His severance ran out. The proceeds from cashing his retirement savings ran out next. He filed for unemployment benefits. Those expired a couple of weeks ago. He got an extension, which was to start last week. When the check was late, he called the unemployment office, frantic.

The pace of job losses may be slowing — the government reported Friday that employers shed a net 345,000 jobs in May, far less than economists had expected — but for Thomas and other U.S. workers, things feel like they’re still getting worse. The unemployment rate is now at 9.4 percent, and a record 27 percent of the nation’s 14.5 million jobless have been unemployed for about six months or longer. Many are only now seeing their unemployment benefits expire, their homes falling into foreclosure and their lives upended.

The ranks of the long-term unemployed are not expected to recede until job growth picks up in earnest, and if past recessions are any guide, that’s not likely to happen for at least another year. After the recession of the early 1980s, it took seven months for the number of long-term unemployed to peak; after the 2001 recession, which was followed by historically anemic job growth, it took 19 months.
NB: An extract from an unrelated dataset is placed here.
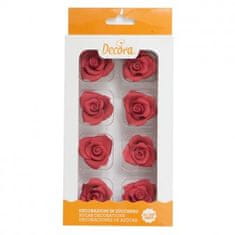 Decora Cukrové ruže červené 8 ks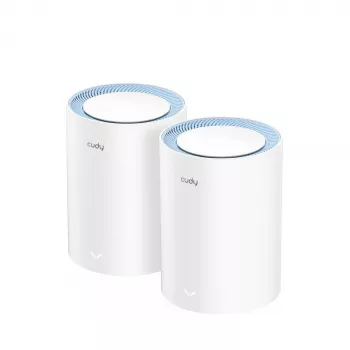 Tīkla sieta sistēma Cudy M1200 2-pack — divjoslu Wi‑Fi 5 (300/867 Mb/s), 2 vienības, 1 LAN ports, atbalsta 100 ierīces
“While the overall unemployment rate was higher in the ’80s, people are getting stuck in unemployment longer than they did in that recession,” said Heidi Shierholz, an economist with the Economic Policy Institute.

The recent surge in long-term unemployment reflects the causes of the current downturn and decades-long shifts in the labor force.

The bursting of the housing bubble and the permanent downsizing of the U.S. auto industry mean many of the 7 million jobs that have been lost since the recession began aren’t likely to return.

“A far larger share [of the unemployed] are not going to be able to go back to the same line of work. Such structural shifts in their careers are not that easy to do,” said Andrew Stettner, deputy director of the National Employment Law Project in New York. “They might not have the right skills, and firms might not be willing to take the chance on people who don’t have the exact background.”

Over the past 30 years, long-term unemployment has become more common — largely because more of the unemployed are workers who have been laid off, who generally take longer to find jobs than new entrants to the work force. In the 1980s, millions of women were still joining the labor market for the first time, and the labor force was on average younger.

The consequences of long-term unemployment can be severe. The longer people are unemployed, the more likely they are to deplete their savings, fall behind on bills and even face foreclosure.

For those receiving unemployment benefits, long-term joblessness has tested the limits of the system. In April, 47.1 percent of all people collecting state unemployment insurance exhausted the usual maximum of 26 weeks of benefits without finding work, according to the Bureau of Labor Statistics. That is the highest rate on record, going back to 1972, when the Labor Department began keeping track.

The $787 billion stimulus package that Congress passed in February contained $27.1 billion to help states extend unemployment benefits. As of mid-May, 2.5 million people were collecting extended benefits. The time limit has been increased to 59 to 79 weeks.